About this task | The lines wanted are those in the data below that include "area".

------ Data records ------

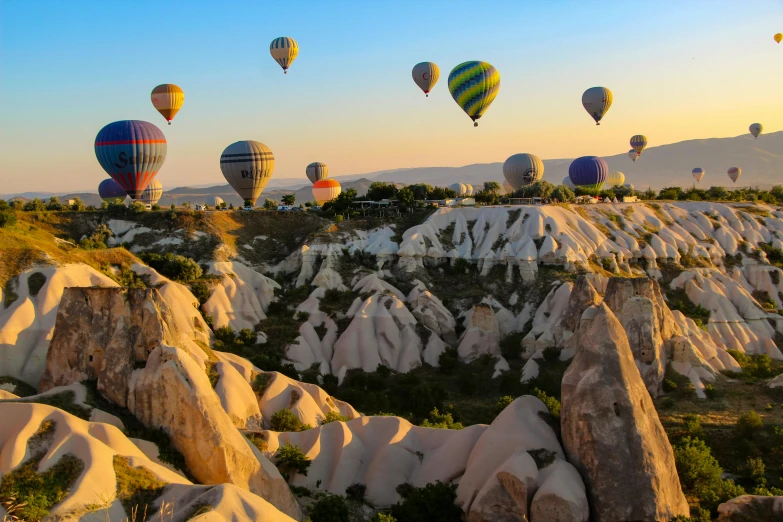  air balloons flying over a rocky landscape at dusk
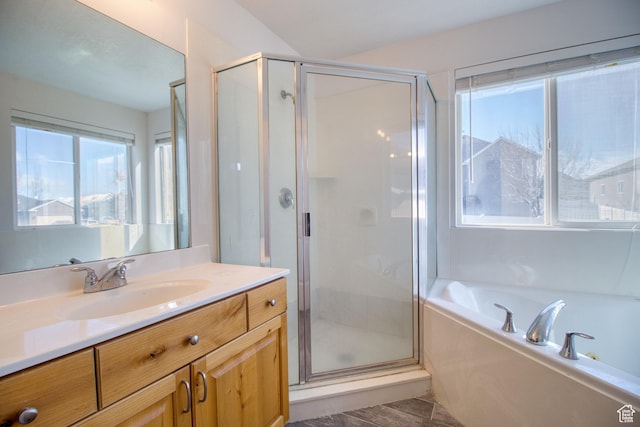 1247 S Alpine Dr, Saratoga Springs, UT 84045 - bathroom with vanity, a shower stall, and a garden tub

------
------ Data records ------

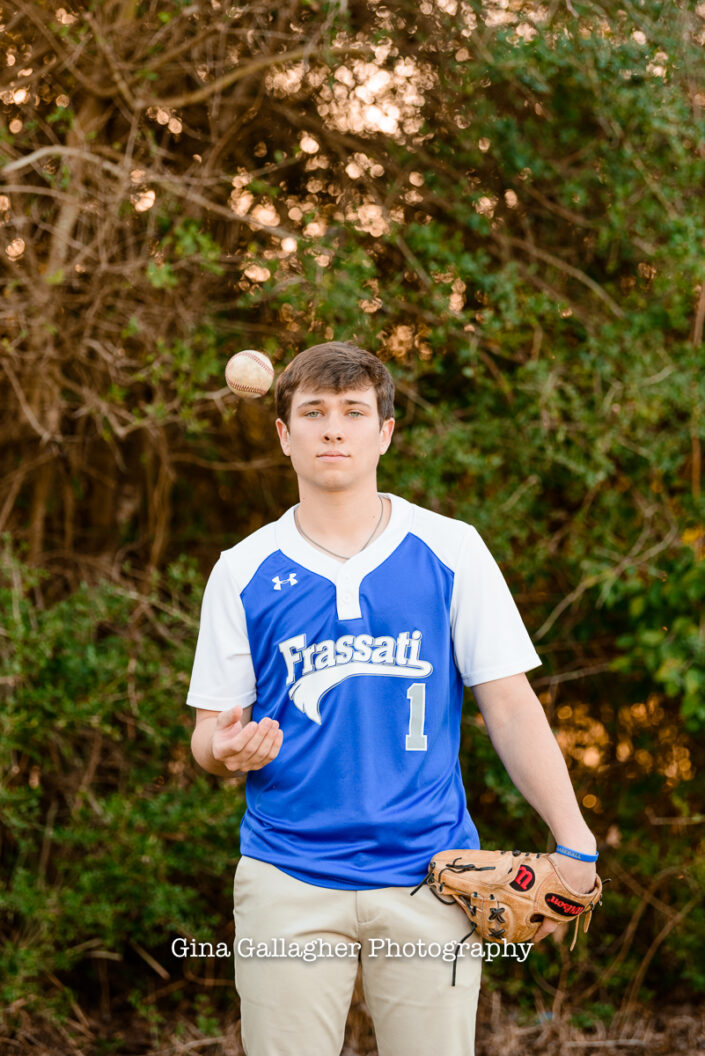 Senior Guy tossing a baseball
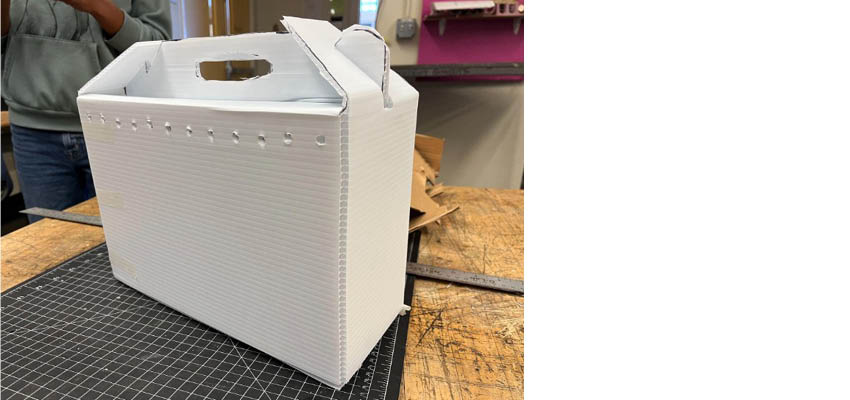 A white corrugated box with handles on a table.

------
------ Data records ------

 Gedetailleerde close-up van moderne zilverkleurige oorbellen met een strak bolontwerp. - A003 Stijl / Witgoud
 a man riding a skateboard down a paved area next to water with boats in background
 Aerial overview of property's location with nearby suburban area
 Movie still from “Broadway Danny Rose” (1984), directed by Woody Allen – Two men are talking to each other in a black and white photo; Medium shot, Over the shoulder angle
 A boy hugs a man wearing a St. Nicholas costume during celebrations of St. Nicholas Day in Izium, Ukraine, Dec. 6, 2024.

------

Reply to the exercise |
 a man riding a skateboard down a paved area next to water with boats in background
 Aerial overview of property's location with nearby suburban area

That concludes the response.